I must say, I have been thinking about writing a series of motherhood posts recently but almost have been stuck at where to start. I find talking about motherhood quite a difficult thing, mainly because I forget people don't parent like me and also, I often presume people know what I know with regards to childhood studies (my degree) and say things and then find people don't realise or think in the same terms. But what I have found is motherhood is a journey, and seeing other women on the same path makes me recognise the similarities of our end goal. We are all striving for healthy, happy children who have a life full of opportunities and experiences that make them good human beings. We all have this goal but we also all have very different paths to get them there. I am not here to judge, I am here to tell you about my experience of motherhood, what I do and how I feel because this journey isn't about the children, it's about me, my hard work, my thoughts, my imaginings and my wants for them that makes me their mother.

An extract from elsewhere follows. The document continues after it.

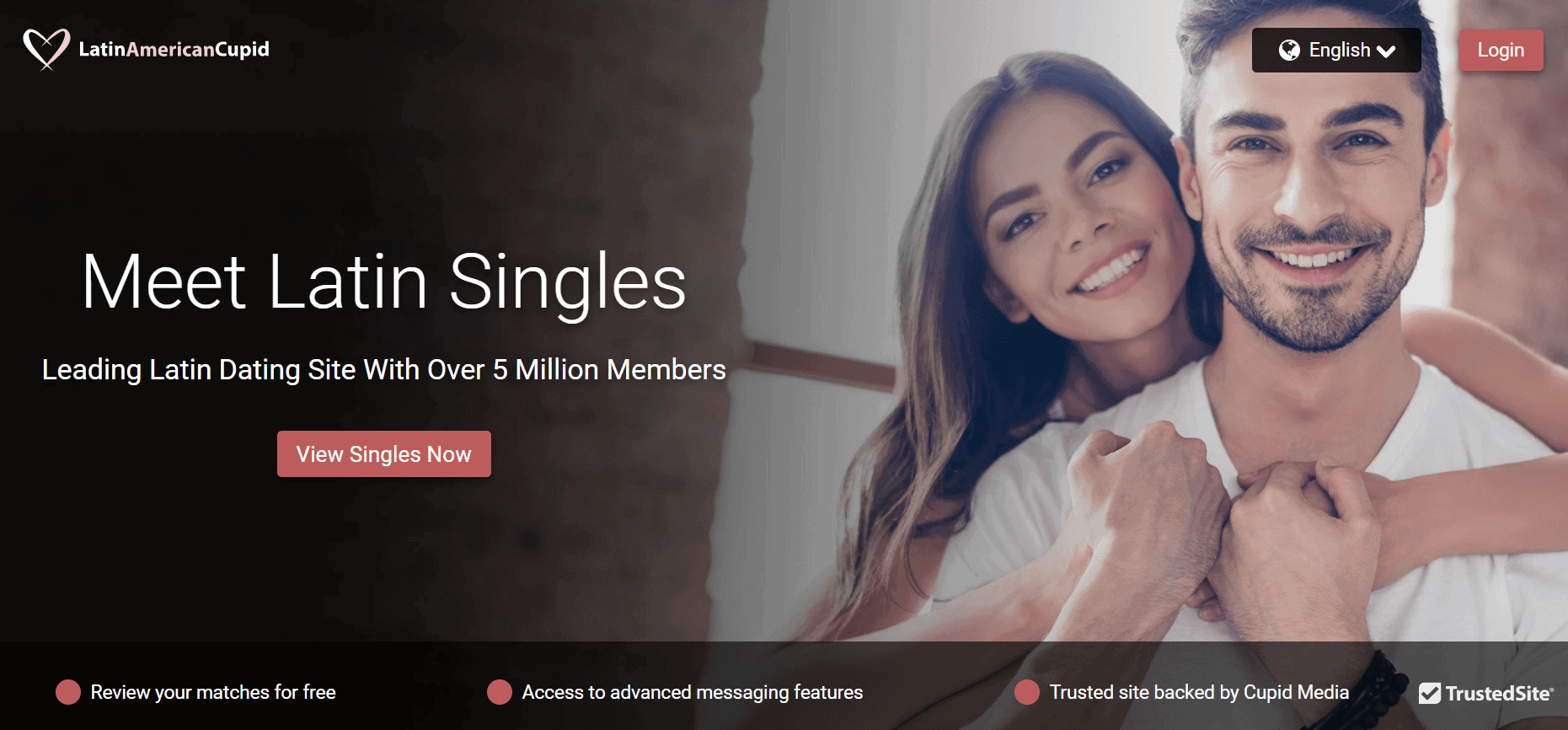 latinamericancupid review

This whole way of thinking has been prompted quite recently by a few things. One in particular was the task of deciding on something to have placed on this M E R C I M A M A N necklace. As part of their beautiful M O T H E R ' S D A Y campaign, I was asked to pick out something and have it engraved and this little task honestly threw me into a tizzy. What a silly thing to question. Obviously this was a task to celebrate motherhood but in my mind I felt totally unworthy of such a prize. But I fear this is not something I would be alone in. This week in particular we had a very poorly Raph and having kept him off school on Monday, sent him back on Tuesday, suggestions were made that he was too poorly (he has a cold) so we kept him off again on Wednesday and this really began to eat at me. "You're a terrible mother, Emily, imagine sending a poorly child to school" was pretty much going round in my head and it brought me right down. Every shout, every annoyance at the usual family happenings then seemed elevated and I had even more thoughts of failing. Then having to decide what beautiful etching to have on a necklace to wear with pride was very difficult.
It took some sunshine and seeing Raphael playing happily to make me realise that this really doesn't matter. Of all the things going on in school do I really think his teachers are spending their break time coffee complainng about me (they are way too kind for that)? GET OVER YOUR SELF!
It was then the arrival of the necklace that then made me realise that I am always going to have these thoughts of self doubt but I am in fact a 'Mama' and that is a label worth having even if I don't feel like a good one some of the time.
Motherhood is a tough one but I hope to share more of my musings on it to allow even just one person to not worry about the job they are doing, to embrace it and enjoy it even though it is hard and can take you far away from the person you once were; it's OK. Motherhood changes you but becoming a mama is one job that I am pleased I got the medal for, it is just who I am.